O filme se passa na Zona da Mata nordestina, mais precisamente em Pernambuco. Auxiliadora é filha/neta de Heitor, um velho conservador que ganha a vida mostrando o corpo da menina aos caminhoneiros e desocupados que freqüentam um posto de beira de rodovia. Cícero é um desses espectadores. Rapaz de classe média alta que estuda em Recife e passa os finais de semana na casa da mãe, aproveitando para encontrar os amigos em um antigo cinema abandonado do povoado. É no meio desse conflito humano, de humilhação e escárnio descarados que o enredo se desenvolve e nos joga na cara toda a situação de subdesenvolvimento econômico e cultural do país.
O preconceito, o machismo, a humilhação, a hipocrisia. Resquícios de uma sociedade arcaica e miserável. Cícero, Everaldo e seus amigos têm como diversão o sexo, a violência com as mulheres e a preponderância de uma classe dominante. Nesse mesmo enredo encontramos Heitor, velho que abusa sexualmente da neta e exige que esta mantenha uma vida normal – absurdos tão normais que fazem das leis e justiça meros coadjuvantes. Sociedade patriarcal. Latifúndios. Típico coronelismo do início do século passado e resistente até hoje de forma maquiada.
A cana-de-açúcar tem lugar de destaque no filme. Presente na alimentação do povo ela aparece inúmeras vezes em cena, hora como objeto, hora como personagem. O corte, a colheita, o transporte e a queimada; o transporte e as condições subumanas dos trabalhadores. O desespero de um povo esquecido, que sem terra para plantar se vê obrigado a trabalhar nas propriedades particulares dos grandes “senhores”.
Tudo é jogado na nossa cara, sem pudor ou censura. “Baixio das Bestas” não tem a proposta de ser mais um filme de entretenimento. Além do tema provocador, sua linguagem está longe da chamada linguagem clássica hollywoodiana. Planos longos, fixos, leves movimentos de câmera e câmera na mão. O plano-seqüência incomoda, demora e convida o espectador a refletir. Influência buscada na década de 60, com o Cinema Novo brasileiro. Proposta de uma revolução estética e ideológica caminhando juntas.
Também é importante citar a cena em que Everaldo (Matheus Nachtergaele) olha para a câmera. Ele quebra a chamada “quarta parede” do cinema, olhando diretamente nos olhos do espectador e dizendo: “Sabe o que é o melhor do cinema?
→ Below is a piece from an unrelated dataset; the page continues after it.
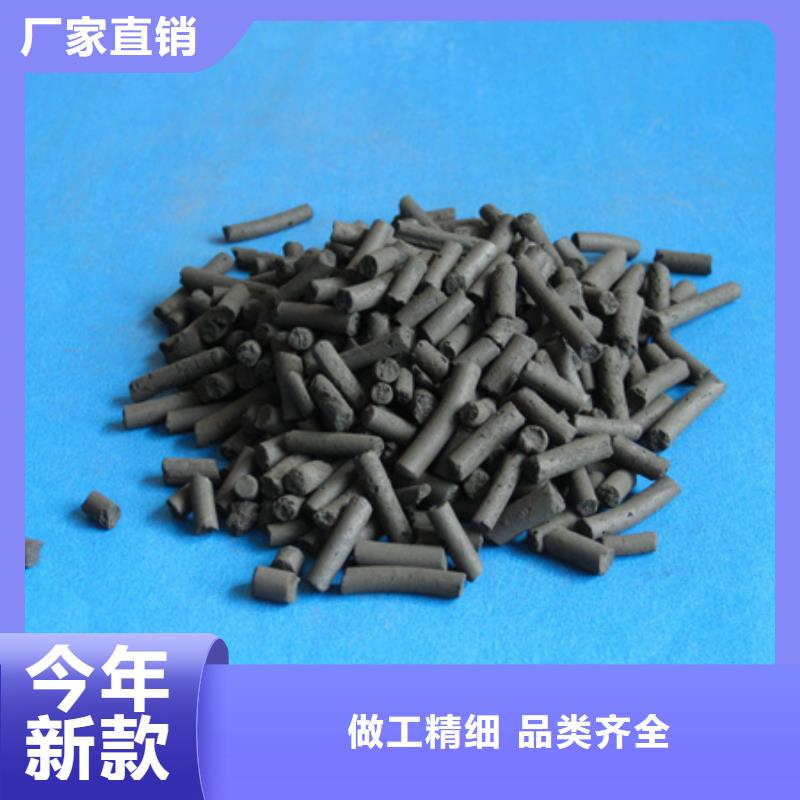 柱状活性炭多面空心球供应商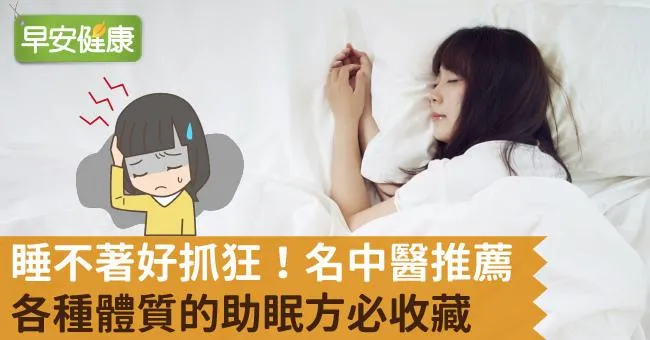 睡不著好抓狂！名中醫推薦各種體質的助眠方必收藏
É que no cinema tu pode fazer o que tu quer”. Essa frase representa tanto o imaginário cinematográfico como o cotidiano desses personagens, que fazem e desfazem suas vontades em meio aquela sociedade. Ironia do diretor com o público passivo e o cinema digestivo.
Também é válido citar a impressionante fotografia de Walter Carvalho. Destaque para a cena em que Cícero (Caio Blat) estupra Auxiliadora: noturna que aparenta ser iluminada apenas com os faróis de uma caminhonete. Outro fator de destaque é o som. Camadas sonoras explorando o sistema Dolby 5.1 e ainda a utilização de espaço-off. Em muitas cenas os ruídos encobrem os diálogos dos personagens dando uma noção de profundidade sonora ao espectador, revelando uma mixagem extremamente bem realizada.
Como acontece em Baile Perfumado (Paulo Caldas e Lírio Ferreira, 1996), Árido Movie (Lírio Ferreira, 2006), e Amarelo Manga (longa anterior ao Baixio das Bestas de Cláudio Assis), a cultura pernambucana é altamente valorizada em Baixio das Bestas. O maracatu rural passeando pelas ruas, com pessoas simples e roupas artesanais; a música feita pelo baterista da banda Nação Zumbi, Pupillo; e a paisagem de um interior ensolarado. Patriotismo de estado e denúncia num mesmo filme.
Sexo explícito, nudez, violência, drogas, prostituição, provérbios populares, sotaques, estupro, humilhação, hipocrisia, sofrimento, pobreza, miséria, exploração, revolta: esse é “Baixio das Bestas”, um pouco mais que estômago e sexo, como colocado em Amarelo Manga. Baixio é estômago, sexo e denúncia.
*Juliano Parreira é graduando em Imagem e Som pela Universidade Federal de São Carlos (UFSCar).